Miles Raymond: Let me show you how this is done. First thing, hold the glass up and examine the wine against the light. You’re looking for color and clarity. Just, get a sense of it. OK? Uhh, thick? Thin? Watery? Syrupy? OK? Alright. Now, tip it. What you’re doing here is checking for color density as it thins out towards the rim. Uhh, that’s gonna tell you how old it is, among other things. It’s usually more important with reds. OK? Now, stick your nose in it. Don’t be shy, really get your nose in there. Mmm… a little citrus… maybe some strawberry… [smacks lips]
Miles Raymond: … passion fruit… [puts hand up to ear]
Miles Raymond: … and, oh, there’s just like the faintest soupçon of like asparagus and just a flutter of a, like a, nutty Edam cheese…
Jack: Wow. Strawberries, yeah! Strawberries. Not the cheese…
— Sideways
Even if you don’t drink much wine there’s probably no way not to notice that there’s a lot of it around these days. Even in humblest of grocery stores anywhere in Europe or the US there’s a decent selection of different bottles, even if they’re all of uniformly humble origins themselves, sporting unassuming labels and single-digit price tags. However, as soon as you get into a proper store—or a specialized wine-shop—the choice can be quite bewildering and there seems to be no limit to how high the prices can go. All of the sudden, buying a bottle becomes an ordeal. Instead of simply going by time-honored red-for-meat, white-for-fish rule you now have to worry about grape varieties, regions, vintages, first- and second-growth vineyards, or how to pronounce stuff like Sancerre, Chianti or Chateneuf-du-Pape.

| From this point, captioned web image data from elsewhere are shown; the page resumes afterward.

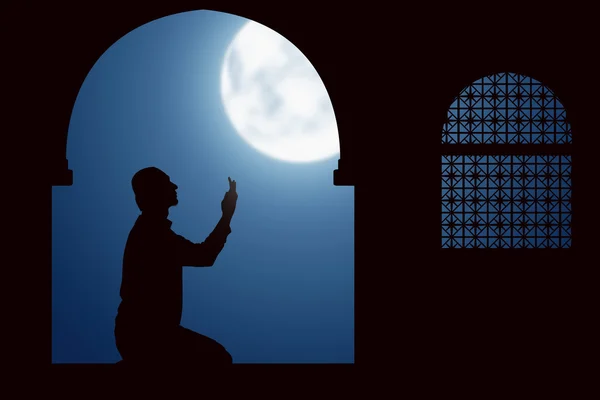 Man praying with mosque background — Stock Photo, Image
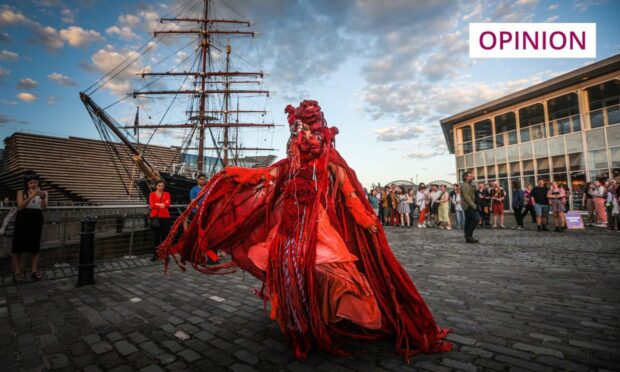 Person draped in red material performing for a crowd of people beside RRS Discovery and the V&A Dundee museum at Dundee waterfront as part of the Art Night event.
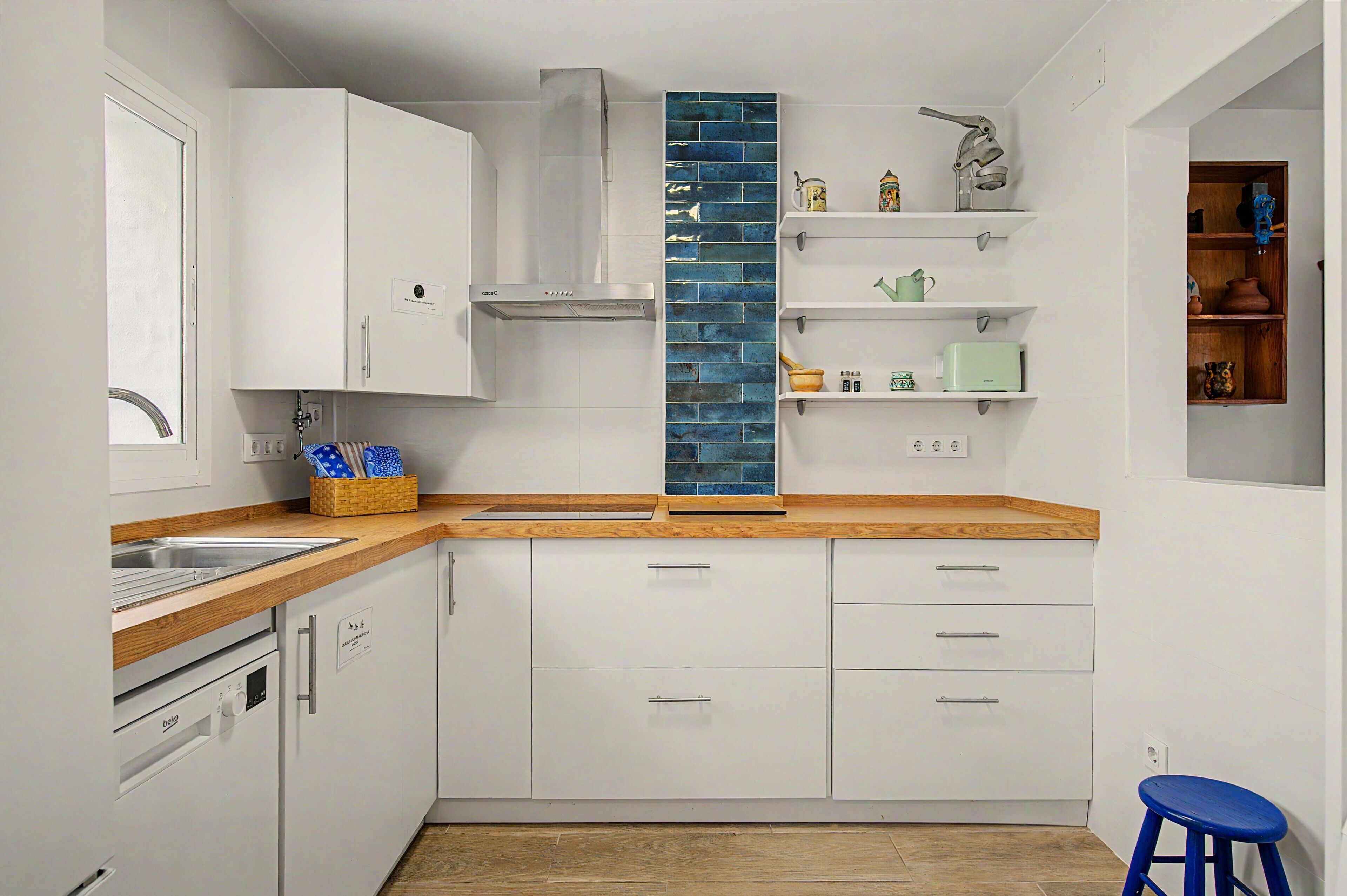 A modern kitchen with white cabinets, a wooden countertop, a blue backsplash, and a built-in stove.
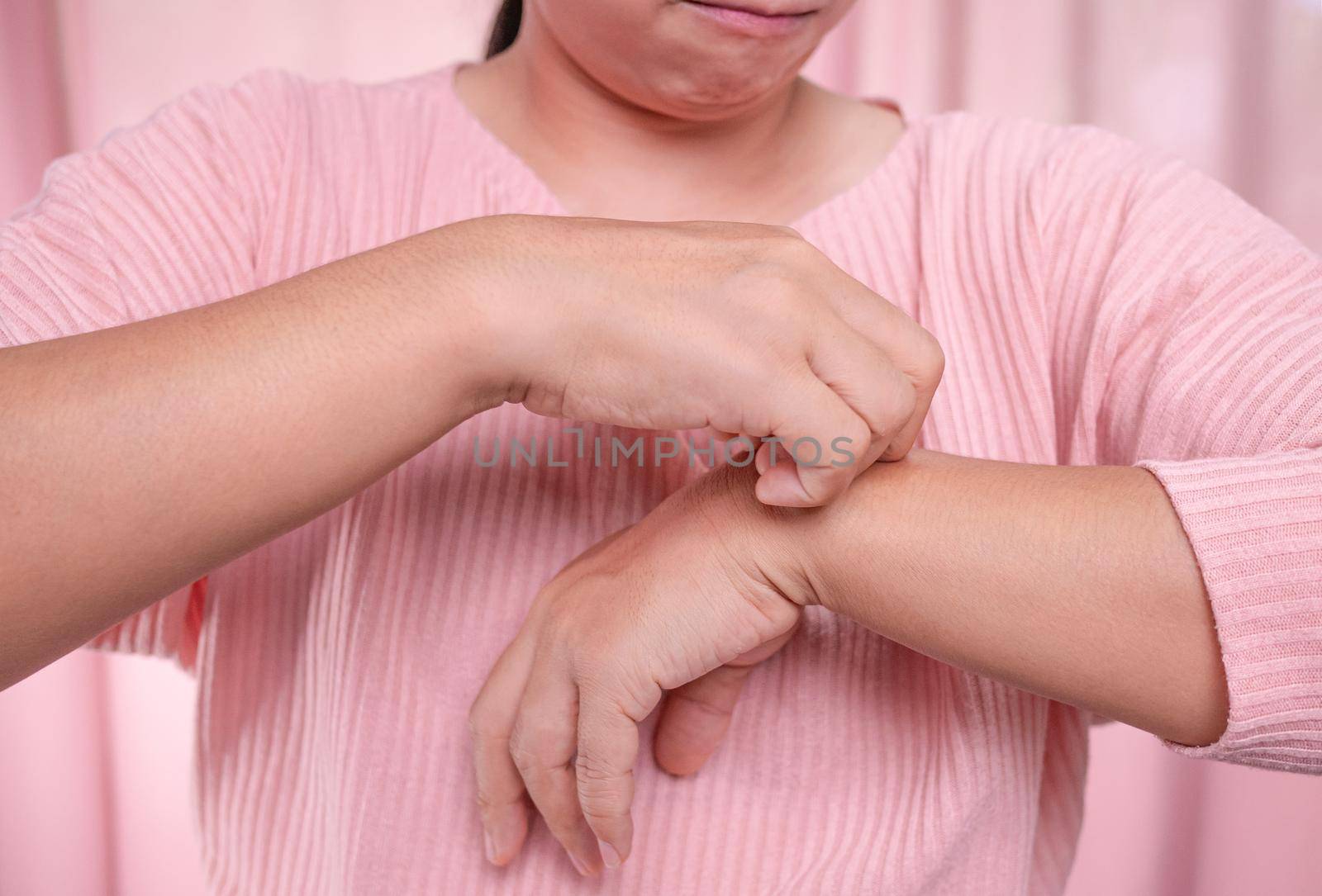 Annoyed middle-aged woman scratching itch on her arm from itchy dry skin, eczema, dermatitis, allergy, psoriasis. Health care and skin disease concept. by TEERASAK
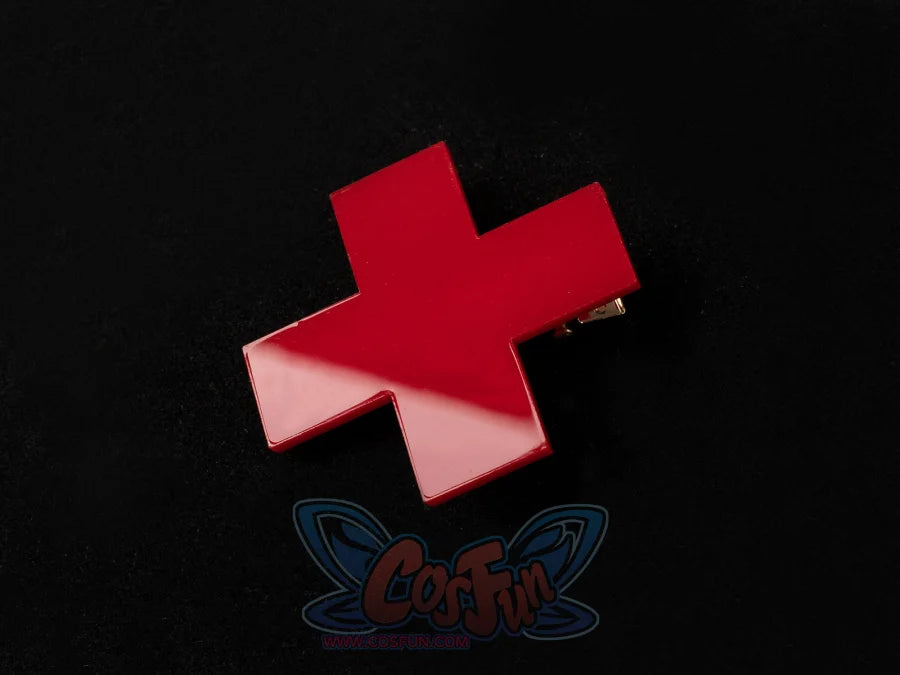 Starfire cosplay costume accessory, glossy red cross-shaped hair clip with gold clasp, shown on black background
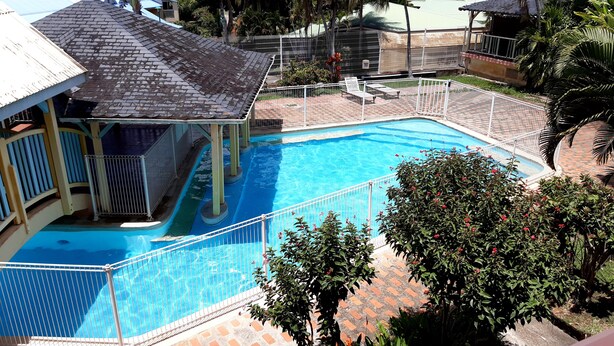Una piscina con cubierta delimitada por una valla, rodeada de palmeras y un pabellón techado.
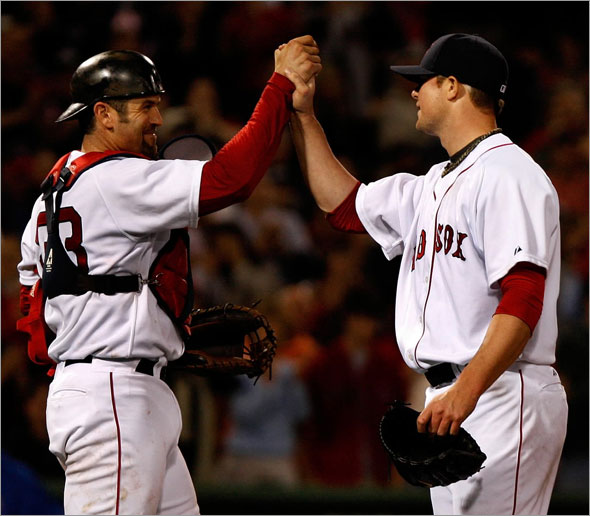 Boston Red Sox catcher Jason Varitek (33) congratulates Boston Red Sox starting pitcher Jon Lester (31) after his 2 hit 1 run complete game against the Texas Rangers.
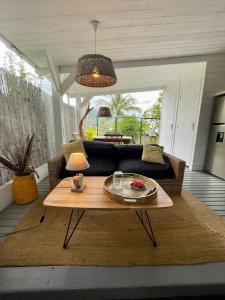 a living room with a couch and a table at La Perle de Trou d'Eau in La Saline les Bains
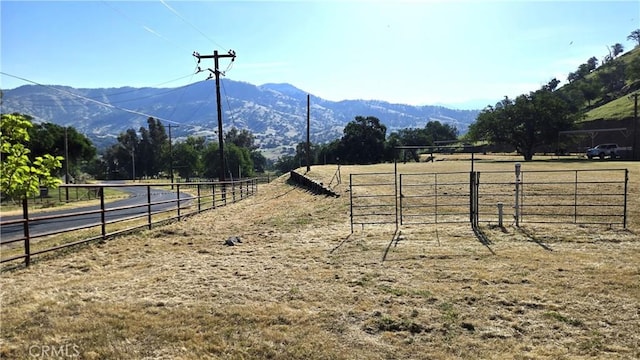 exterior space with fence, a rural view, a mountain view, and an enclosed area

Getting properly acquainted with even one region or grape would take a lot of sampling from different bottles and once those start costing high double digits and upwards, it gets a bit awkward for most would-be connoisseurs, as it quickly becomes a substantial investment of both time and money. So voilà, enter the wine critic: a person who has valiantly spent many years of his or her life to sip and spit from untold number of bottles with intimidating labels, honing their nose and palate, and subsequently reaching the high level of proficiency that enables them to pass judgements on wine. Of course, for this sort of judgement to be worth something it has to be able to spot qualities and fine distinctions that escape untrained civilians. This is the origin of the dreaded wine-speak.
The trouble referring to wine with the help of adjectives such as “round”, “well-behaved” and “animistic” or to liken the taste and smell of a beverage made from grape-juice to figs, hay, tobacco or peat is that it assumes a certain poetic license and thus makes it very difficult to compare one bottle to another. The ingenious way to solve this situation is of course to reduce all the different poetic descriptions to a single, numerically expressed rating. American wine critic Robert Parker is probably be most well-known and certainly one of the most influential practitioners of that approach. In fact, his 100-point rating system has proven so successful that there have been complaints against Mr. Parker having destroyed the traditional French wine-making, as the French producers have optimized their wines to conform with his taste—thus making them more “round” and “full”. The scoring system has been since replicated by other critics, and it is indeed a very useful reference for the casual drinker who wants to get a good bottle with some oomph factor for the family dinner. In order for this to work, however, it requires a trust in the capacity of the critic to discern all those fine points that eventually get distilled into the final rating. And it seems that, despite of all the wincing at the high flaunted wine-speak, this trust has been there for most of the time.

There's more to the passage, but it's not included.